Cloud Run Jobs Pattern
Overview
Cloud Run Jobs provide a separate, dedicated container execution environment designed for tasks that run to completion and are not tied to an HTTP request. This is the primary strategy for background task processing in PermitProof.
Architecture Design
The architecture separates request handling from long-running work:
- Client Request: The client makes a gRPC call to the Cloud Run Service
- Service Orchestration: The gRPC service creates a Firestore tracking document and triggers a Cloud Run Job
- Job Execution: A new container instance spins up independently with full CPU allocation
- Job Processing: The job runs with full CPU and updates Firestore for progress tracking
- UI Progress Tracking: The UI subscribes to Firestore for real-time progress
Benefits:
- Full CPU allocation throughout execution
- Scalable task processing with parallel instances
- Complete isolation from request handler
- Optimal for tasks exceeding 60 seconds
Implementation
Component Structure
The implementation requires two distinct Java applications:
- gRPC Service - Request handler and job orchestrator
- Job Worker - Background task processor
Java Job Worker Application
The job worker is a standard Java application packaged as an executable JAR. It does not run a web server—it only requires a main method to execute its work.
CodeApplicabilityProcessorJobMain.java (example pattern)
public class CodeApplicabilityProcessorJobMain {
public static void main(String[] args) throws Exception {
System.out.println("Cloud Run Job started!");
// 1. Read arguments passed to the job
if (args.length < 4) {
System.err.println("Error: Missing required arguments");
System.exit(1);
}
String taskId = args[0];
String projectId = args[1];
String pageNumber = args[2];
String iccBookId = args[3];
System.out.println("Processing task: " + taskId);
// 2. Initialize services (Firestore, etc.)
TaskServiceImpl taskService = new TaskServiceImpl();
// 3. Perform the long-running work
try {
taskService.updateTaskProgress(taskId, "processing", 10, "Starting analysis...");
// Execute actual work...
CodeApplicabilityTaskExecutor.ExecutionResult result =
CodeApplicabilityTaskExecutor.executeCodeApplicabilityAnalysis(
taskId, projectId, Integer.parseInt(pageNumber),
iccBookId, null, null, null, null, null, taskService);
// 4. Mark as complete
if (result.success) {
System.out.println("Job finished successfully!");
System.exit(0);
} else {
System.err.println("Job failed: " + result.message);
System.exit(1);
}
} catch (Exception e) {
taskService.updateTaskFailed(taskId, "Job failed: " + e.getMessage());
System.err.println("Job failed: " + e.getMessage());
System.exit(1);
}
}
}
Dockerfile for the Job:
src/main/docker/Dockerfile
# Use a base image with Java
FROM openjdk:17-slim
# Set the working directory
WORKDIR /app
# Copy the compiled JAR file from your build process
COPY target/code-applicability-processor.jar app.jar
# The command to run when the container starts
# The args from the job execution will be appended here
ENTRYPOINT ["java", "-jar", "app.jar"]
Job Execution
Argument Passing and Job Initiation
Jobs are initiated from the gRPC service using the CloudRunTaskTrigger class.
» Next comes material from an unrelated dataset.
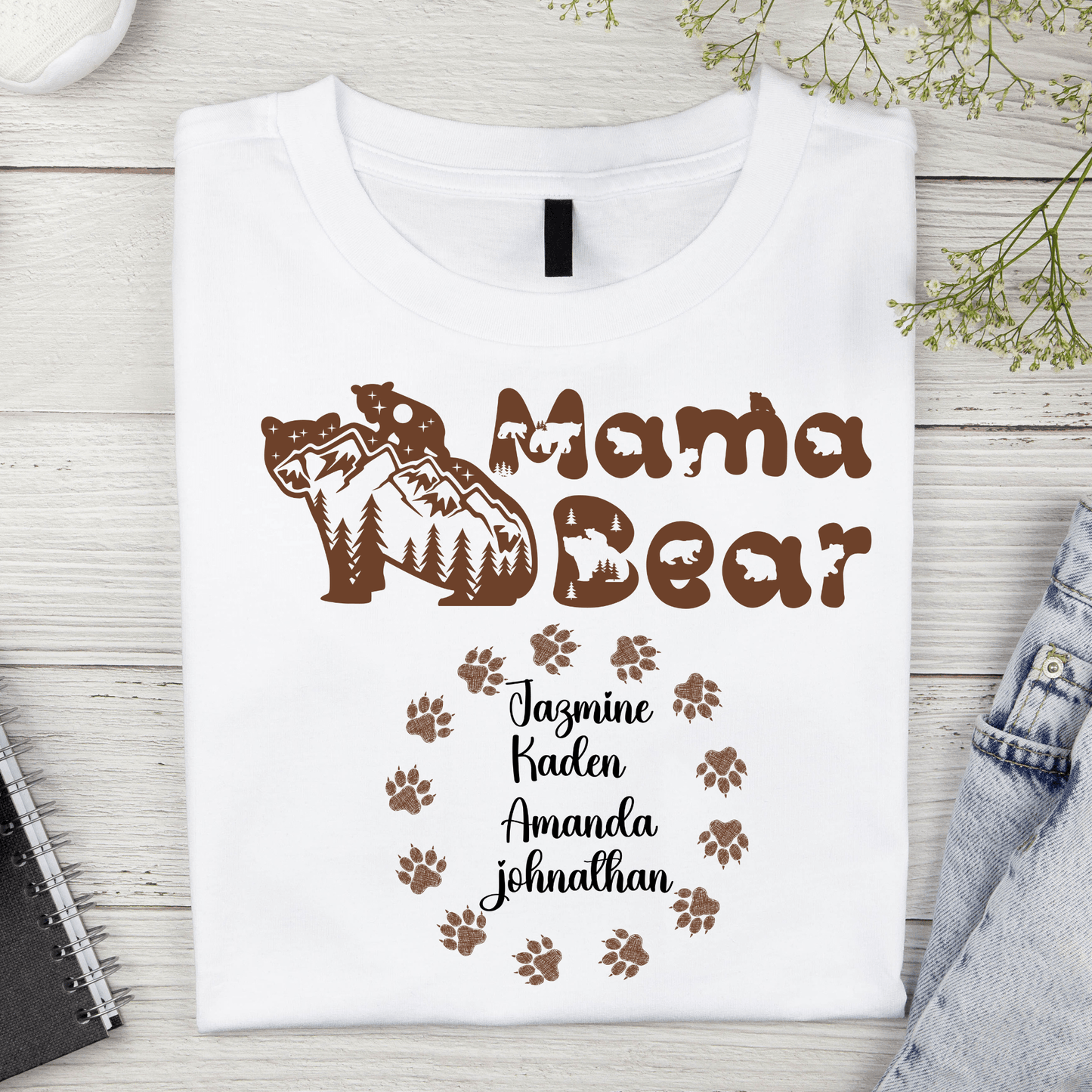 Custom Mom T-shirt, Personalized Mother's Day T-shirt - Brand63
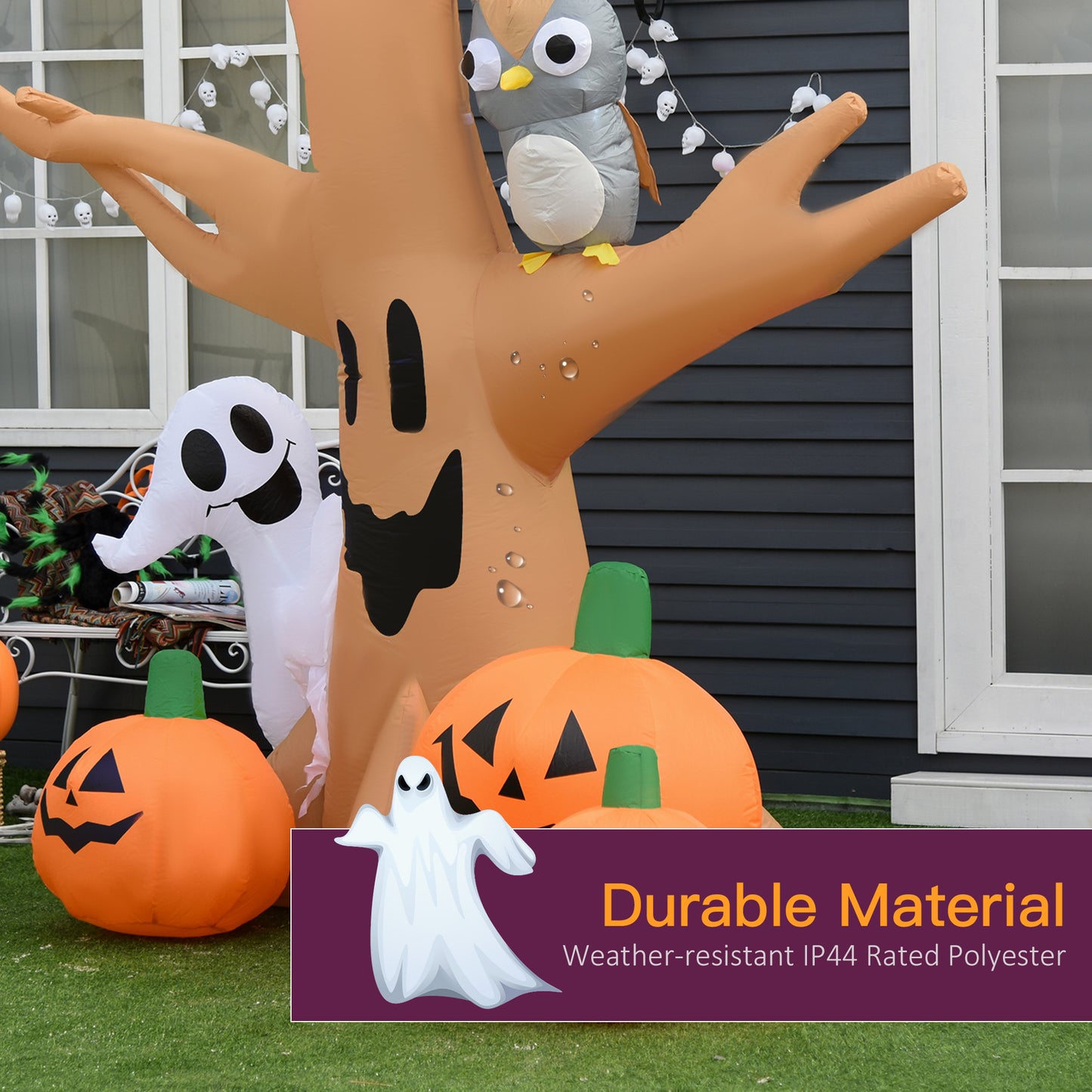 HOMCOM Inflatable Halloween Decoration Haunted Tree with Owl/Ghost/Pumpkins, Blow-Up Outdoor LED Display for Lawn, Garden, Party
Arguments are passed as a list of strings.
Maven Dependency Configuration
Add this to your gRPC service's pom.xml:
<dependency>
<groupId>com.google.cloud</groupId>
<artifactId>google-cloud-run</artifactId>
<version>0.15.0</version>
</dependency>
gRPC Service Orchestration
The gRPC service implementation executes jobs using CloudRunTaskTrigger:
public class CodeApplicabilityServiceImpl extends CodeApplicabilityServiceGrpc {
private CloudRunTaskTrigger jobTrigger;
public CodeApplicabilityServiceImpl() {
// Initialize Cloud Run Job trigger
String env = getEnvironmentSuffix();
String projectId = System.getenv("GCP_PROJECT_ID");
String region = System.getenv("GCP_LOCATION");
this.jobTrigger = new CloudRunTaskTrigger(
projectId, region, "code-applicability-processor-" + env);
}
@Override
public void startAsyncCodeApplicabilityAnalysis(
StartCodeApplicabilityAnalysisRequest request,
StreamObserver<StartCodeApplicabilityAnalysisResponse> responseObserver) {
// Create task in Firestore
String taskId = taskService.createTask(
"code-applicability",
JsonFormat.printer().print(request),
currentUserEmail,
null
);
// Trigger Cloud Run Job
String[] jobArgs = {
taskId,
request.getArchitecturalProjectId(),
String.valueOf(request.getPageNumber()),
request.getIccBookId()
};
logger.info("🚀 Executing Cloud Run Job with args: " + String.join(", ", jobArgs));
String executionName = jobTrigger.triggerJob(taskId, Arrays.asList(jobArgs));
// Return response immediately
StartCodeApplicabilityAnalysisResponse response =
StartCodeApplicabilityAnalysisResponse.newBuilder()
.setTaskId(taskId)
.setSuccess(true)
.build();
responseObserver.onNext(response);
responseObserver.onCompleted();
}
}
The triggerJob() method passes arguments which become elements in the String[] args array in the Job's main method.
Task Parallelism
Execution Model
Cloud Run Jobs do not use a traditional queue-based worker pool model. Each job execution is the task itself. There is no persistent pool of workers pulling from a queue like RabbitMQ or Pub/Sub.
Parallel Task Processing
Cloud Run Jobs provide parallelism through the --tasks flag:
- Task Count: Specify the number of parallel container instances (e.g.,
gcloud run jobs execute my-job --tasks=50) - Concurrent Execution: All 50 instances start simultaneously
- Task Indexing: Each instance receives a unique
CLOUD_RUN_TASK_INDEXenvironment variable (values0to49)
Work Distribution Pattern
The task index can be used to partition work across parallel instances:
String taskIndex = System.getenv("CLOUD_RUN_TASK_INDEX");
int index = Integer.parseInt(taskIndex);
// Example: Process 1,000 users across 50 tasks
// Task 0: users 1-20
// Task 1: users 21-40
// ...
int usersPerTask = 20;
int startUser = (index * usersPerTask) + 1;
int endUser = startUser + usersPerTask - 1;
This approach achieves large-scale parallelism without external queue management infrastructure.
Deployment Configuration
Environment Variables
Cloud Run Job requires these environment variables:
GCP_PROJECT_ID: Google Cloud Project IDGCP_LOCATION: Cloud Run region (e.g.,us-central1)GOOGLE_APPLICATION_CREDENTIALS: For Firestore access
Job Naming Convention
Jobs are named with environment suffix for isolation:
code-applicability-processor-{env}(Code Applicability Analysis)plan-ingestion-processor-{env}(Architectural Plan Ingestion)compliance-report-processor-{env}(Compliance Report Generation)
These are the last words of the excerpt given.